Page MenuHomePhabricator

ORES services should have vagrant roles
Closed, ResolvedPublic

Description

ORES and wikilabels should have MediaWiki-Vagrant roles to ease setup.

  • merge https://gerrit.wikimedia.org/r/#/c/341294/
  • change virtualenv defaults to use the shared user (no reason not to, and installing to shared folders with the root user causes weird bugs)
  • follow-up patch for jessie branch (for upstart changes), try to do wheel-based install
  • make sure dependencies are represented correctly in all packages (esp. these), maybe figure out what went wrong with recursive installation of dependencies
  • add a --non-interactive option to wikilabels' load_schema
  • make ORES extension use local ORES server when present
  • use ChangePropagation when present

ORES components supported by our vagrant roles

  • Scoring API service
  • Extension:ORES (todo: point at internal ORES service)
  • Celery
  • Wiki Labels
  • Reference UI

Event Timeline

Restricted Application added a subscriber: Aklapper. · View Herald Transcript

Wikilabels is a stand-alone tool in labs. I'm not sure that it makes sense to have a vagrant role.

ORES could have a vagrant role. I'm guessing we'll want to set up a service for ORES. We could also just allow the ORES extension to hit ores.wikimedia.org for "testwiki".

Wikilabels is a stand-alone tool in labs. I'm not sure that it makes sense to have a vagrant role.

How do you test changes to it? Easy setup of a development environment for various tools is exactly what vagrant is for. (Could be a vanilla vagrant box and not MediaWiki-Vagrant, but putting it into something that already exists is less effort.)

I'm guessing we'll want to set up a service for ORES. We could also just allow the ORES extension to hit ores.wikimedia.org for "testwiki".

I was thinking of putting the ORES extension and the ORES service in separate roles. Use testwiki if the service is not enabled, use it if it is.

Halfak triaged this task as Low priority.Mar 4 2017, 5:55 PM
Tgr updated the task description. (Show Details)
Tgr updated the task description. (Show Details)

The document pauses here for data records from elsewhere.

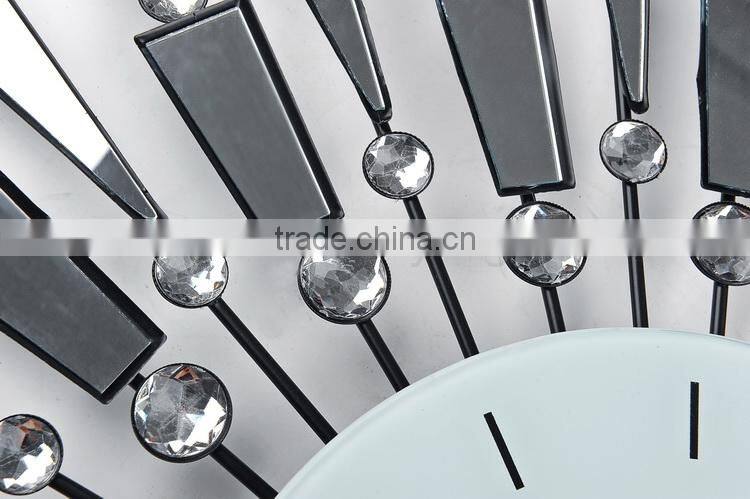 Metal crystal wall digital clock with mirror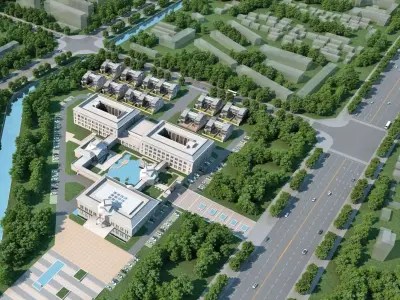 Modern Civic Campus 3D model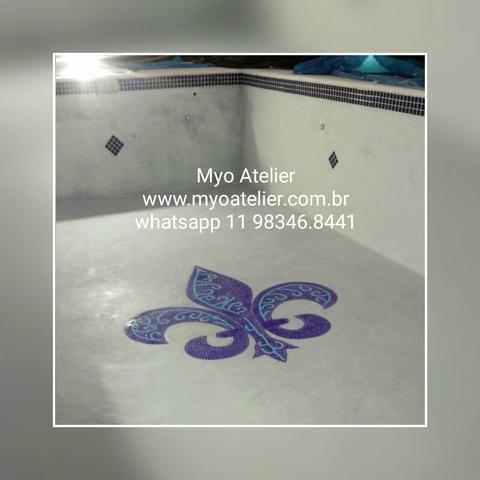 Fundo de piscina flor de lis mosaico - Foto 3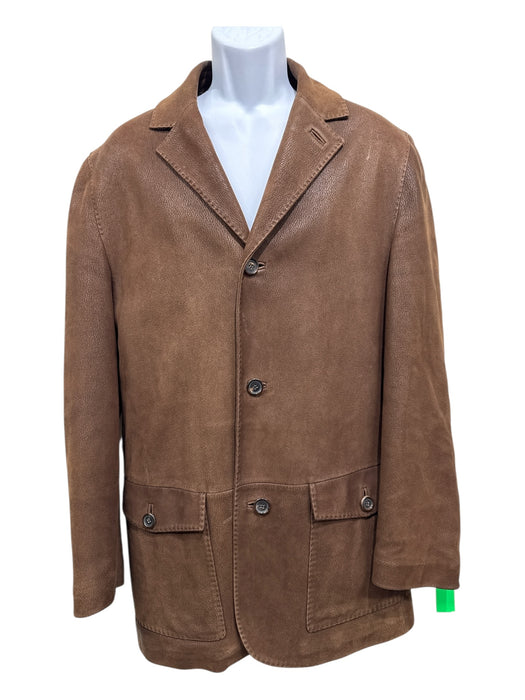 Zegna Size M Brown Leather Solid Button Up Men's Jacket Brown / M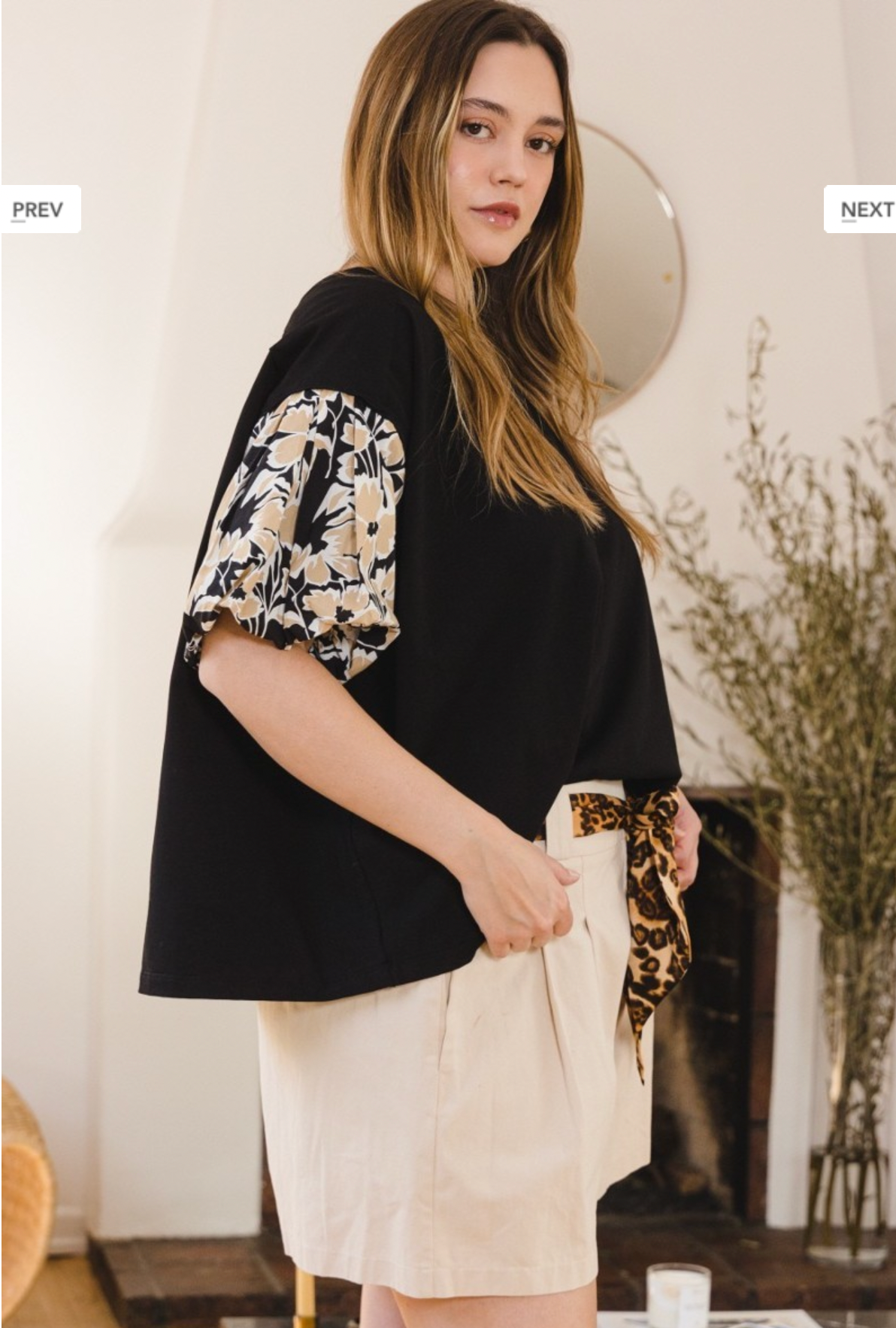 Haynes Floral Sleeve Top In Black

Change 351153 had a related patch set uploaded (by Gergő Tisza; owner: Gergő Tisza):
[mediawiki/vagrant@master] Trusty backcompat patch for ORES

https://gerrit.wikimedia.org/r/351153

Change 351153 abandoned by Gergő Tisza:
Trusty backcompat patch for ORES

Reason:
Wrong branch.

https://gerrit.wikimedia.org/r/351153

@awight, I think you're the only ORES local who uses vagrant on a regular basis. Could you give this patchset a test and report back?

Change 341294 merged by jenkins-bot:
[mediawiki/vagrant@master] Add role for ORES and Wikilabels services

https://gerrit.wikimedia.org/r/341294

I think I mentioned this in code review, but with a fresh vagrant checkout and VM, I get:

> default: Execution of '/bin/systemctl start ores-wsgi' returned 6: Failed to start ores-wsgi.service: Unit mediawiki-ready.service failed to load: No such file or directory.

Running provision a second time works, so this is probably just a missing dependency.

I think the ORES service might not be running.

vagrant roles list -e
Enabled roles:

ores                       ores_service               wikilabels
grep -r ores::port puppet/hieradata/common.yaml 
ores::port: 18880

Inside the box:

sudo netstat -anp | grep 1888
tcp        0      0 0.0.0.0:18881           0.0.0.0:*               LISTEN      2978/python3

> default: Execution of '/bin/systemctl start ores-wsgi' returned 6: Failed to start ores-wsgi.service: Unit mediawiki-ready.service failed to load: No such file or directory.

Running provision a second time works, so this is probably just a missing dependency.

Interesting. The documentation for mediawiki::ready_service does say that The puppet manifest that provisions the service should require this class as well but none of the puppet classes seem to do that. Did you get the error by enabling the role before the initial vagrant up?

Yep, the process was roughly,

  • vagrant role enable ...
  • vagrant destroy
  • vagrant box update
  • vagrant up

I think the ORES service might not be running.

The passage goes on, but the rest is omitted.